**Data extract**

•••

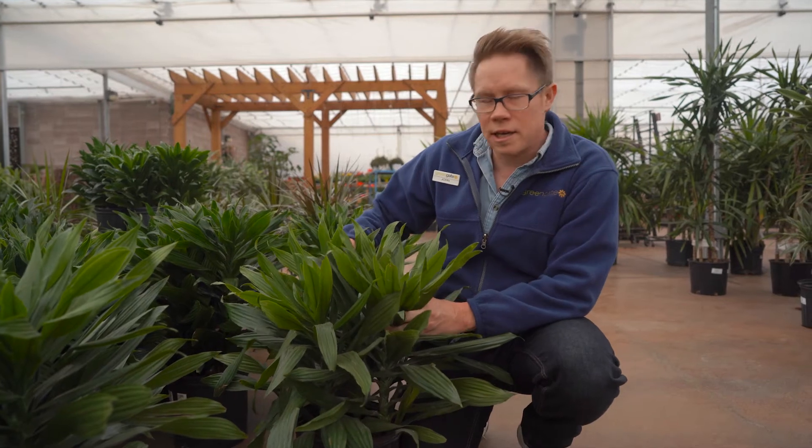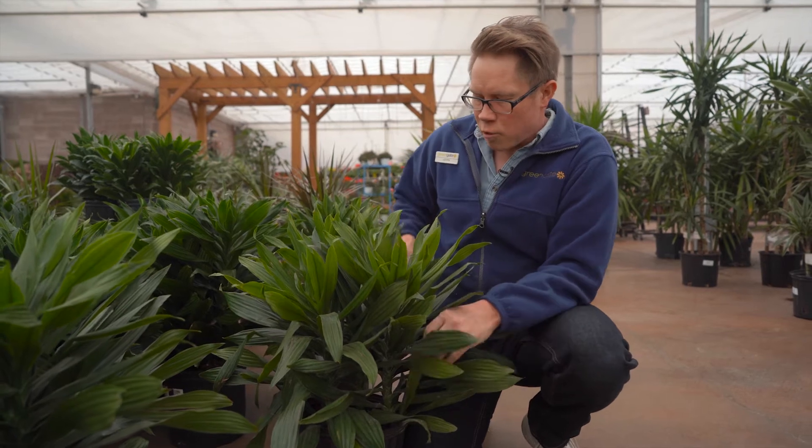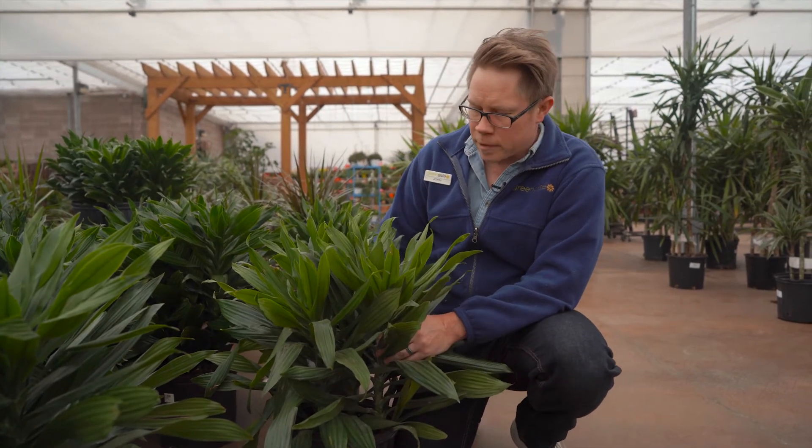This is Dracaena Janet Craig Compacta, because it's got the nice short leaves. Really great low-light tropical, grows up like a cane.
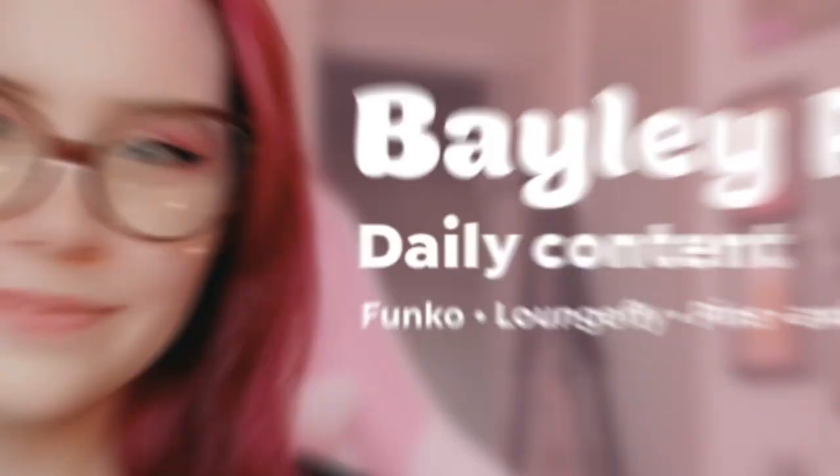Hey everybody, I hope you are doing well — Bailey Pop here — and today we are going to be looking through my entire Sailor Moon collection. That's right, not just my Funko Pops, not just my Loungefly, all of it. Let's go! This video has been asked for a few times on my YouTube and my TikTok.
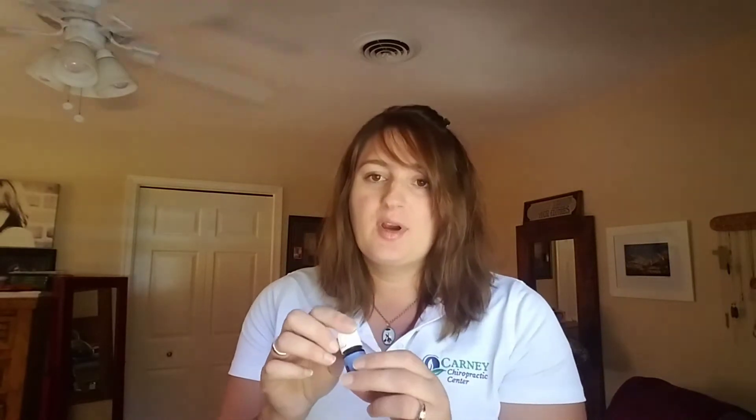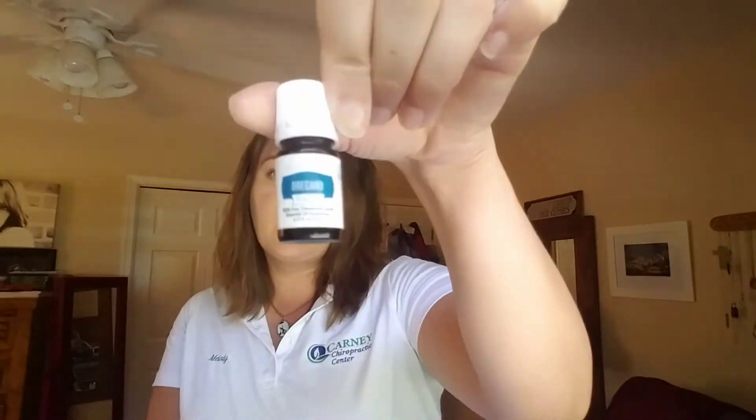Here's another blend I got called Awaken. It's more of a woodsy, spicy scent, and it's supposed to help with energy and awaken you to your dreams and hopes. I put a roller ball on top and like wearing it as a perfume.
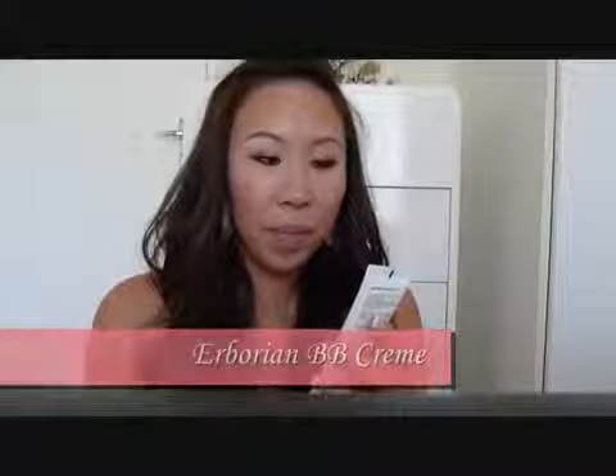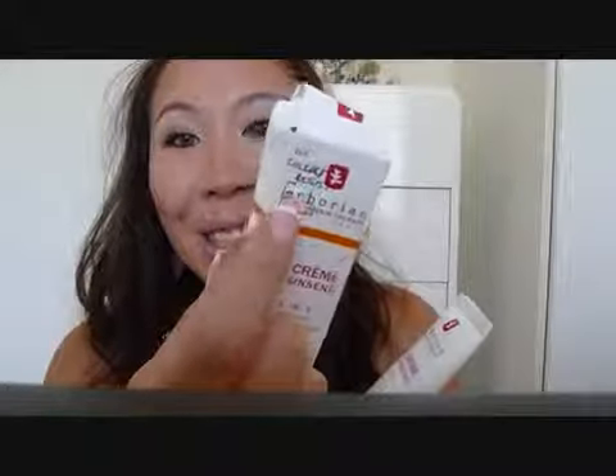The first product I'm going to review is the Eborian Korean Skin Therapy BB Cream. I was so excited to receive this product. It comes in this box and on the top it says Korean. I laughed so hard at the post office when I opened this — it was so cute.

•••

Please repeat exactly the data above from its first line to the line that contains "Here's another blend", inclusive, and leave every picture out.

This is Dracaena Janet Craig Compacta, because it's got the nice short leaves. Really great low-light tropical, grows up like a cane.
Hey everybody, I hope you are doing well — Bailey Pop here — and today we are going to be looking through my entire Sailor Moon collection. That's right, not just my Funko Pops, not just my Loungefly, all of it. Let's go! This video has been asked for a few times on my YouTube and my TikTok.
Here's another blend I got called Awaken. It's more of a woodsy, spicy scent, and it's supposed to help with energy and awaken you to your dreams and hopes. I put a roller ball on top and like wearing it as a perfume.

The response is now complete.